Sin embargo, Persia conocía al gato antes de la época sasánida. Los partos exportaban gatos persas de pelo largo, y algunos investigadores creen que el rey Cambises (530 – 523 a.C.) importó gatos de Egipto, de donde saldría la raza persa. Aunque esta explicación nos parece algo rebuscada por dos razones: primera, ninguna representación felina egipcia muestra gatos de pelo largo; segunda, el gato angora turco ya existía, y es una de las razas más antiguas.
Debido a su asociación con el mal, no se mencionaba al gato en la persa sasánida, pero sí al perro, alabado por su lealtad. Al parecer, los zoroastrianos creían que si un gato orinaba en el mar, morirían diez mil peces. Sin embargo, una historia contada en el “Šāh-nāma” cuenta que en la época del rey Cosroes II Parviz (finales del imperio sasánida), este mandó a un malévolo gobernador a la ciudad de Rayy que mandó matar a todos los gatos con la consiguiente plaga de ratas y ratones, obligando a los habitantes a irse. La ciudad se salvó gracias a la reina, que llevó un gatito al rey para divertirle y, de paso, le convenció de que encarcelara al malvado.
La conquista islámica de Persia empezó en 633 y acabó en 656, poniendo fin al imperio sasánida. Con la conversión al islam de la gran mayoría de la población, la mala fama de los gatos empezó a declinar.
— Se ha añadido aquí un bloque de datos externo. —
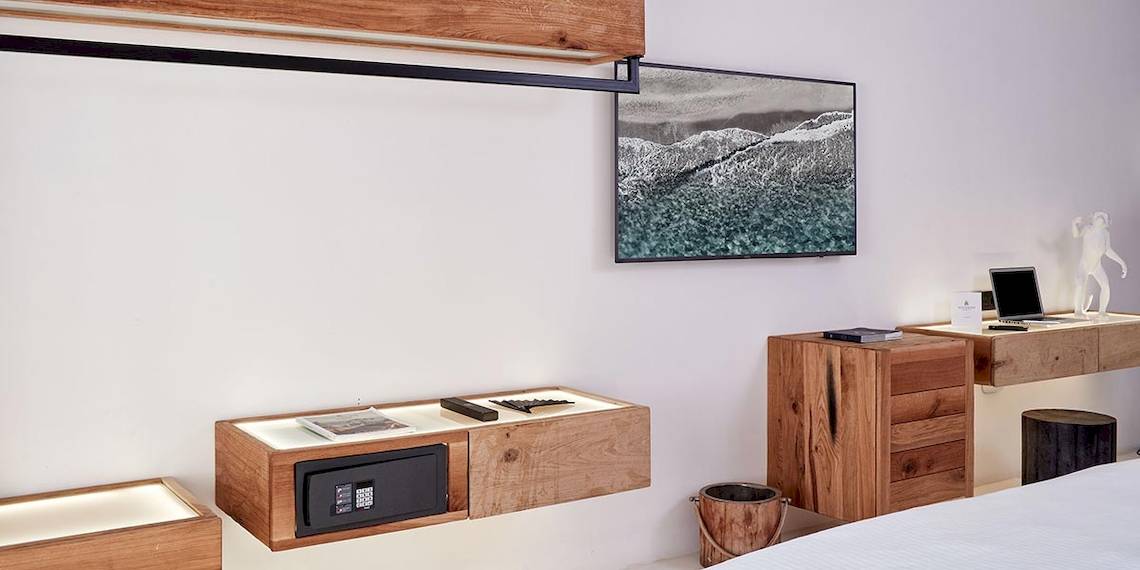 Inneneinrichtung eines Zimmers im Royal Myconian Resort mit Holzmöbeln, Flachbildfernseher, Schreibtisch und Laptop
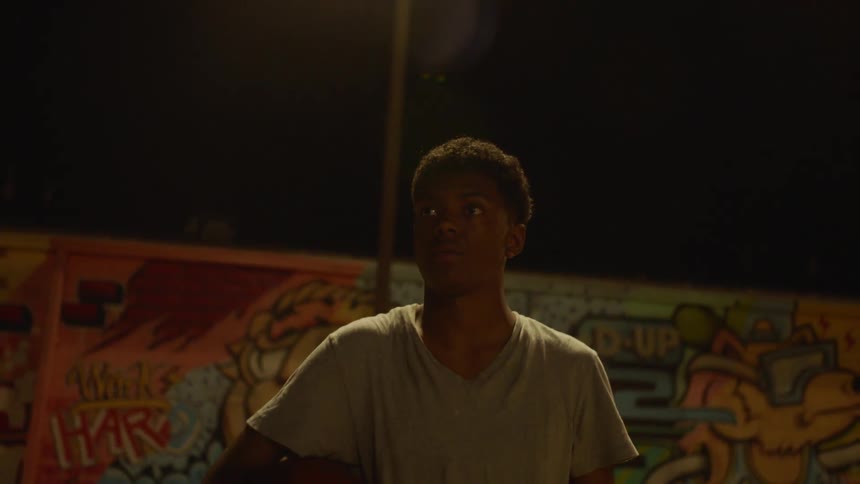 A young man carrying a basketball walks under street light at night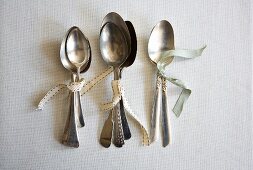 Various silver spoons tied together with ribbon
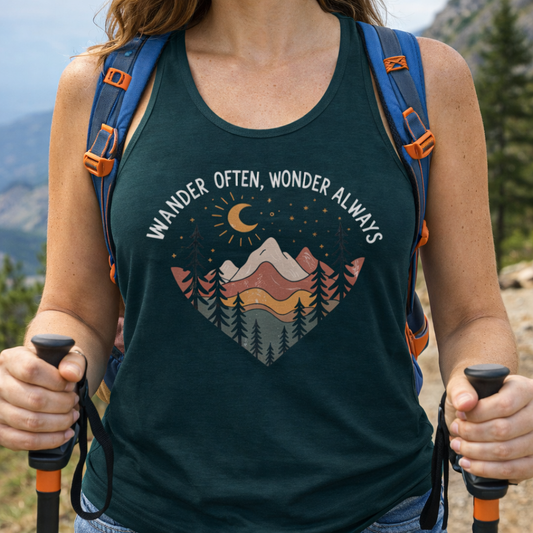 Person wearing a tank top with a nature-themed heart design with text Wander Often, Wonder Always.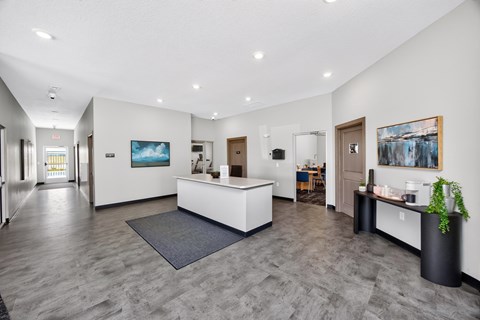 A reception area with a white reception desk and a grey carpet.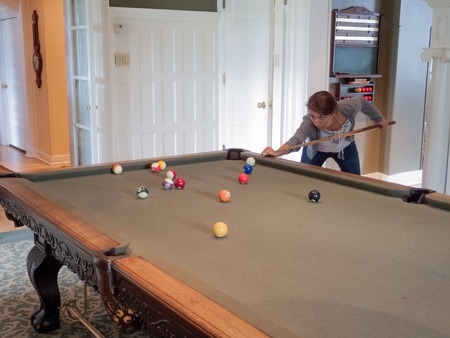 Young woman playing poolの写真素材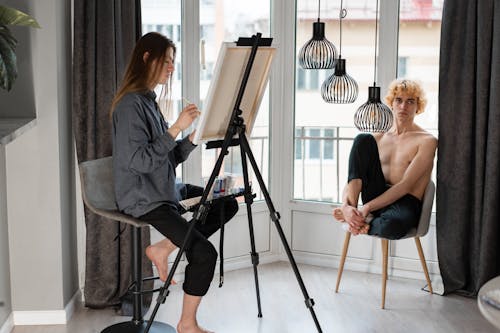Free A Man Doing Painting Stock Photo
La tradición dice que el profeta Mahoma vaticinó a una mujer que había dejado morir de hambre a su gato que sería castigada en el infierno. Entre los sufís se cuenta que el poeta Šeblī obtuvo el perdón divino de sus pecados por haber ayudado a un gatito.
En el islam, el gato no es impuro, al contrario del perro, y según una tradición que remontaría a Āyeša, la esposa del profeta, está permitido realizar abluciones con el agua donde haya bebido un gato. Esto contrasta fuertemente con la creencia zoroastriana de que si un gato ha comido siete veces de un cuenco, por mucho que se lave, nunca estará limpio; que la comida que hayan tocado los bigotes de un gato hará que la persona se consuma, o también que los demonios penetrarán en el cadáver que un gato haya mirado.
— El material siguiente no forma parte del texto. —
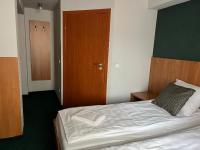 Posteľ alebo postele v izbe v ubytovaní Garbarska 22 Aparthotel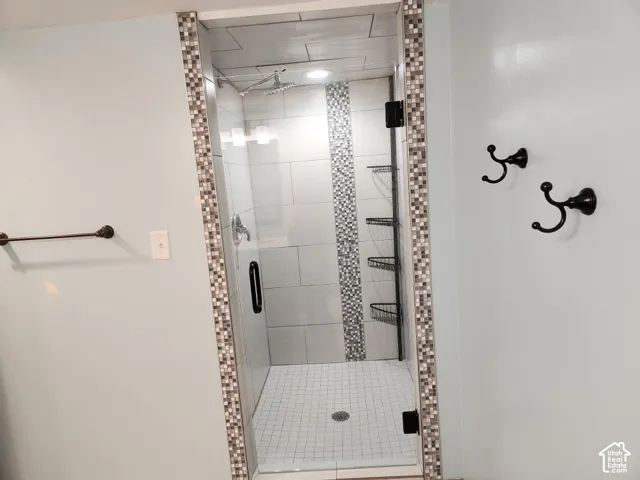 Glass-enclosed shower featuring a mosaic tile accent strip, rainfall showerhead, and built-in shelving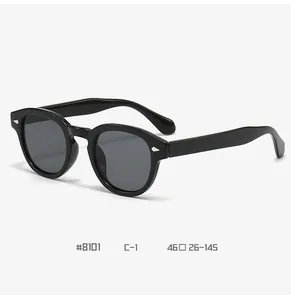 Detail view of model 8101 retro round black sunglasses with silver diamond rivets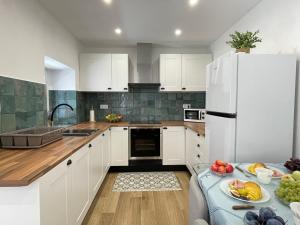 a kitchen with white cabinets and a white refrigerator at Peaceful Mountain Getaway - A Herança in Vila de Rei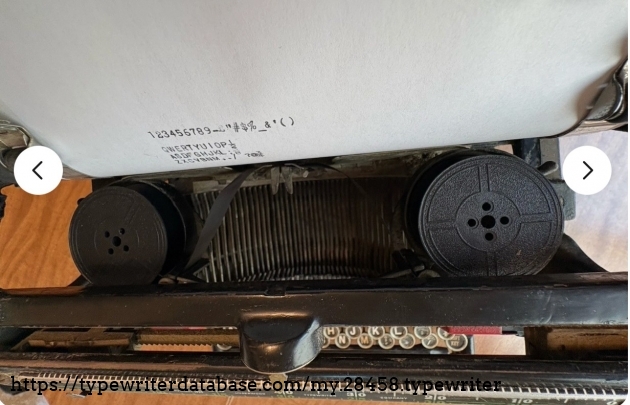 Top-down view of ribbon spools and carriage.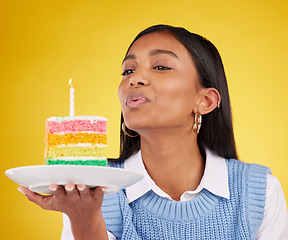 Image showing Birthday, cake and woman blowing candle in studio for happy party celebration on yellow background. Happiness, gen z girl and candles in rainbow dessert to celebrate milestone, event or achievement.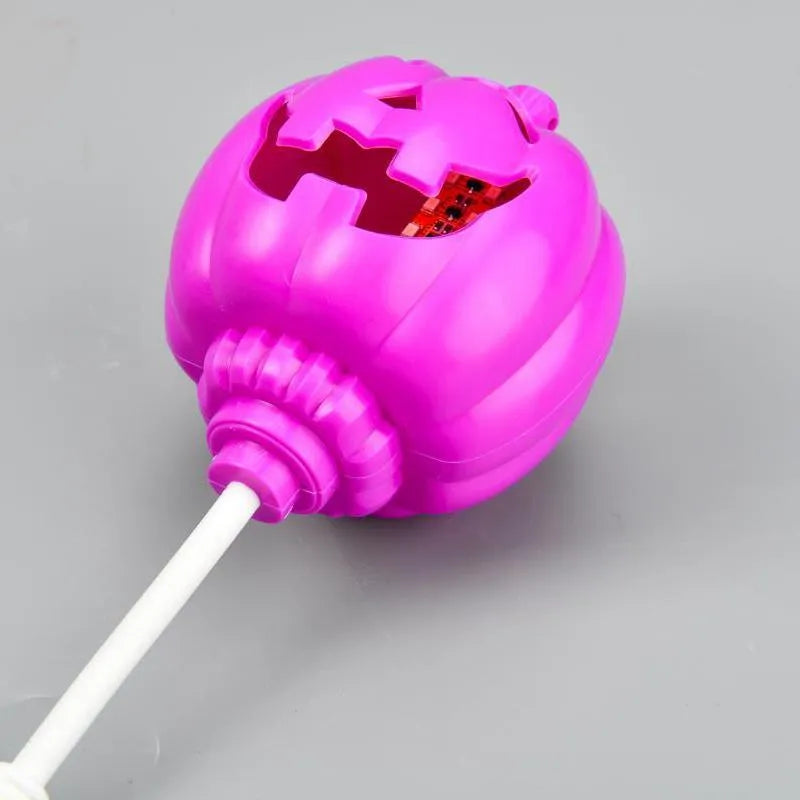Pumpkin-shaped lamp with USB charging, 22cm tall, emitting yellow or purple light for holiday decor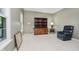 Bedroom with neutral walls, carpet, a large bookcase, and an accent chair at 13214 Dunwoody Ln, Carmel, IN 46033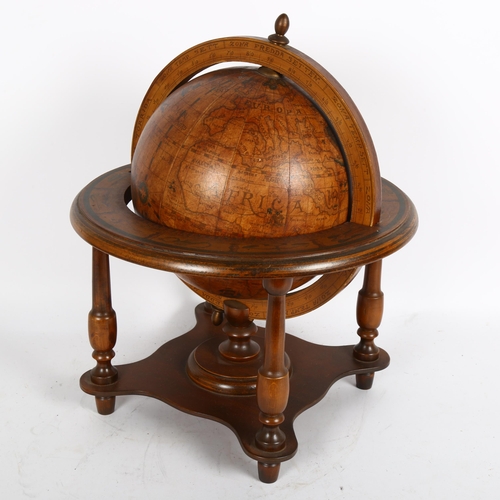 346 - A painted wood terrestrial globe in stand, height 40cm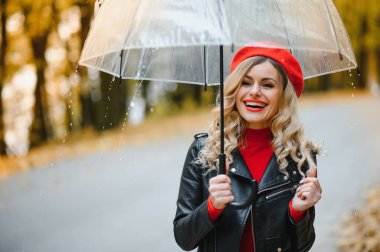 yağmur altında şemsiye ile yürüyen kadın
El escritor Jāḥeẓ, que vivió en el siglo IX, afirma que los tenderos vendían gatos conocidos por su pericia a la hora de cazar ratones o ratas. También dice que los gatitos eran más caros que los adultos y que las mujeres les ponían pendientes y collares, les teñían el pelo, besaban y dormían con ellos. No hemos encontrado ninguna representación de esta época, pero varios cuadros del siglo XVIII muestran a mujeres con un gato. Siempre mujeres, nunca hombres, como si en esta época se asociara el gato a un ambiente intimista femenino.
Se cuenta que el príncipe dailamita Rukn al-Dawla (947-77) adoraba a su gato y algunos súbditos ataban peticiones al cuello del gato para asegurarse de que las leyera. El famoso poeta místico Farid al Din Attar, del siglo XII, dejó escrito que un jeque sufí tenía un gato que llevaba zapatos para no ensuciarse los pies y que tenía derecho a sentarse en la alfombra de oración. Un criado maltrató al gato y el jeque le exigió que le pidiera disculpas.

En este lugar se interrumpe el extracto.